Credit Card Regulations Bite from Today–But It’s Not All Good News
Credit Card Regulation Has Limits
Elizabeth Warren, the Harvard law professor who chairs the Congressional Oversight Panel, was a guest on HBO’s Real Time with Bill Maher show on Friday. And she drew an analogy that graphically explains the limitations of new credit card regulations that come into force today.
She said that relying on laws to control credit card companies was like building a fence on open prairie. The new act erected 10 fence posts (one for each of its key provisions, depending how you define “key”), but any half-decent lawyer–and card issuers employ armies of them–could get around them.
Ms Warren advocated the creation of a super regulator. To extend her simile, the regulator would be like cowboys, permanently stationed at each end of the fence, who would turn back stampeding steers.
Credit Card Terms Already Changed
Issuers have already taken advantage of the nine months between the signing of the act and its implementation to change many credit card terms in ways that disadvantage their customers.
For example, the law prevents companies from hiking credit card rates except in certain very specific circumstances. So the issuers simply switched many cards from fixed-rate deals to adjustable-rate deals, allowing them legally to increase the interest charged when wider rates increase.
Yesterday’s Washington Post carried a piece under the headline, “Beware of the Loopholes in the New Credit Card Law” that detailed other potential abuses. These include pressurizing customers to opt into costly overlimit fee programs, the re-balancing of fee structures so that those not covered by the new law become more expensive, and the imposition of exorbitantly high penalty interest rates, which are still not capped by the federal government.
Chi Chi Wu, who is a staff attorney at the National Consumer Law Center, told the Post:
We’ve always known credit card companies are very, very clever in getting more profit out of consumers. And they are going to be even more clever in finding ways to make more money even with these new rules.
Credit Card Rates Up
Meanwhile, ABC News reported–also yesterday–that the average rate offered to those making new credit card applications was 13.6 percent last week, up from 10.7 percent during the same period last year.
At the same time, the number of credit card offers for accounts with annual fees jumped from 25 percent in the last quarter of 2008 to 43 percent during the same period in 2009. And issuers have been imposing other new sorts of fees, including those for paper statements and account inactivity.
Fees levied on balance transfer credit cards have also increased widely. For instance, JPMorgan Chase has hiked its balance transfer fee from three percent to five percent.

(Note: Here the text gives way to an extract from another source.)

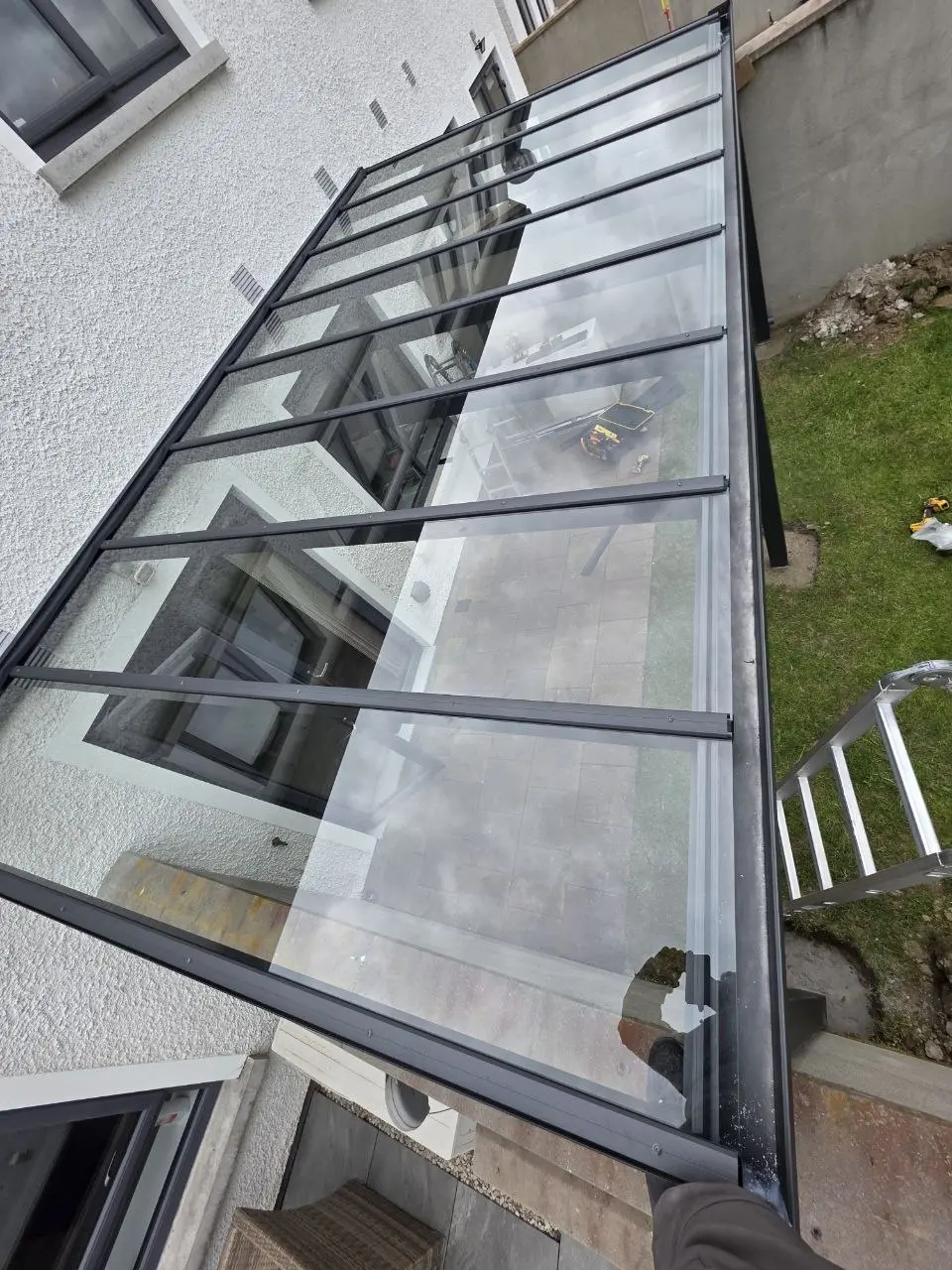 Transparent safety glass roof panels and black aluminium glazing bars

Credit Card Companies Feeling the Pinch
Sunday’s Financial Times covered the story from the industry’s point of view. It said:
US credit card issuers are facing a $12bn revenue shortfall this year from price limitations imposed by new rules that take effect on Monday, according to an analysis by law firm Morrison Foerster…. Over five years, the overall hit to the industry could exceed $50bn, analysts and industry groups said.